Still, after a good many headaches, one can begin to appreciate the general plan which was finally settled on by the various Chancelleries, and to understand what delayed the relief so much. Most of all it has been the South African war. Also, is seems to me, they wanted Waldersee, the German Field Marshal, to have time to take over the supreme command for the sake of peace in Asia, and so that there should be an enormous massed advance on Peking, which would capture all North China to Christendom and enslave the cunning old Empress Dowager, and do everything as arranged in Europe. It was, above all, necessary not to cause an imbroglio in Europe.

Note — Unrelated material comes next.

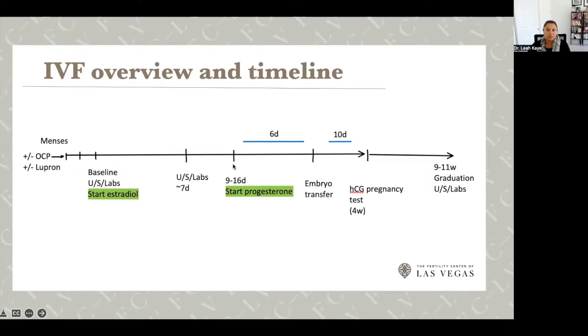Progesterone is the pro-pregnancy hormone that opens the window for implantation. The timing of when we start progesterone tells us when your embryo needs to be placed inside the uterus — almost always six days after starting progesterone. You come in for your embryo transfer visit, and then about ten days later we do a pregnancy test with a blood draw. When you get that positive result, you're technically already four weeks pregnant, even though the embryo has only been inside your uterus for ten days, because gestational age is calculated from your last menstrual period.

Of course, the very opposite has happened, and everybody is now as discontented and jealous as before the siege. Waldersee is in Tientsin and has been there for weeks for some new decision to be made. The grand advance is finished and done with, but now some column commanders wish to push down into the south of the province and isolate the Court, if possible. Meetings are being held the whole time, but as Waldersee is coming up, nothing is to be done until his arrival. By one ingenious stroke—the sudden flight of the Court—the Chinese have turned the tables on allied Europe and made us all ridiculous. Any one might have anticipated something of this—there is a precedent in the histories. Yet history is only made to be immediately forgotten.
XIV
PUNITIVE EXPEDITIONS
October, 1900.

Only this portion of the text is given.